Michele Simionato michele.simionato at gmail.com
Mon Jul 17 23:56:41 EDT 2017


Il giorno lunedì 17 luglio 2017 19:20:04 UTC+2, Steve D'Aprano ha scritto:
> collections.namedtuple generates a new class using exec, and records the source
> code for the class as a _source attribute.
> 
> Although it has a leading underscore, it is actually a public attribute.

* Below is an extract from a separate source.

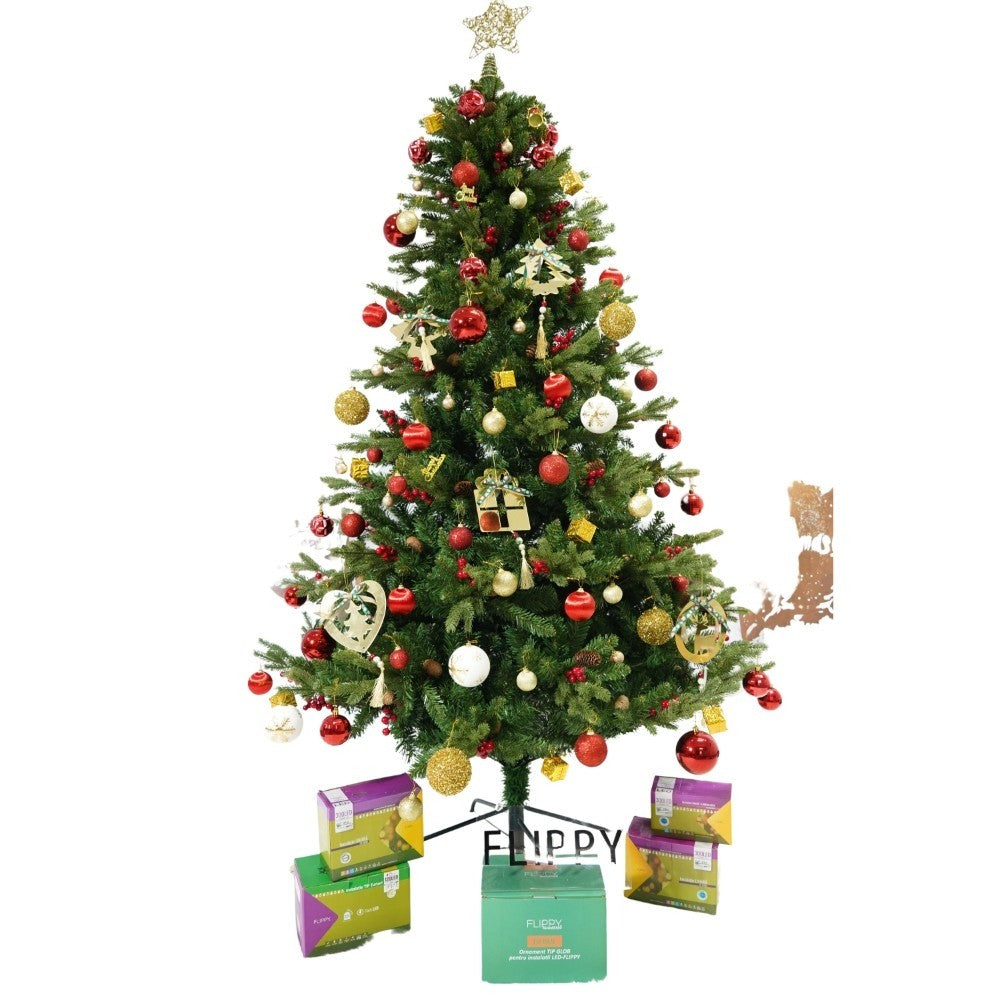 Set brad artificial de Craciun si elemente decorative, decorat cu conuri pin rosii, inaltime 210 cm, diametru 137 cm, 1172 ramuri, Kadeny, verde, suport metalic inclus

The
> leading underscore distinguishes it from a named field potentially
> called "source", e.g. namedtuple("klass", ['source', 'destination']).
> 
> 
> There is some discussion on Python-Dev about:
> 
> - changing the way the namedtuple class is generated which may
>   change the _source attribute
> 
> - or even dropping it altogether
> 
> in order to speed up namedtuple and reduce Python's startup time.
> 
> 
> Is there anyone here who uses the namedtuple _source attribute?
> 
> My own tests suggest that changing from the current implementation to one
> similar to this recipe here:
> 
> https://code.activestate.com/recipes/578918-yet-another-namedtuple/
> 
> which only uses exec to generate the __new__ method, not the entire class, has
> the potential to speed up namedtuple by a factor of four.
> 
> 
> 
> -- 
> Steve
> “Cheer up,” they said, “things could be worse.” So I cheered up, and sure
> enough, things got worse.

It is an attribute that looks handy for understanding how a namedtuple works, and can be used in debugging, but in practice I have never used it in production code. I use a a lot of namedtuple, and if we can get a factor 4 speedup I am pretty happy to lose _source.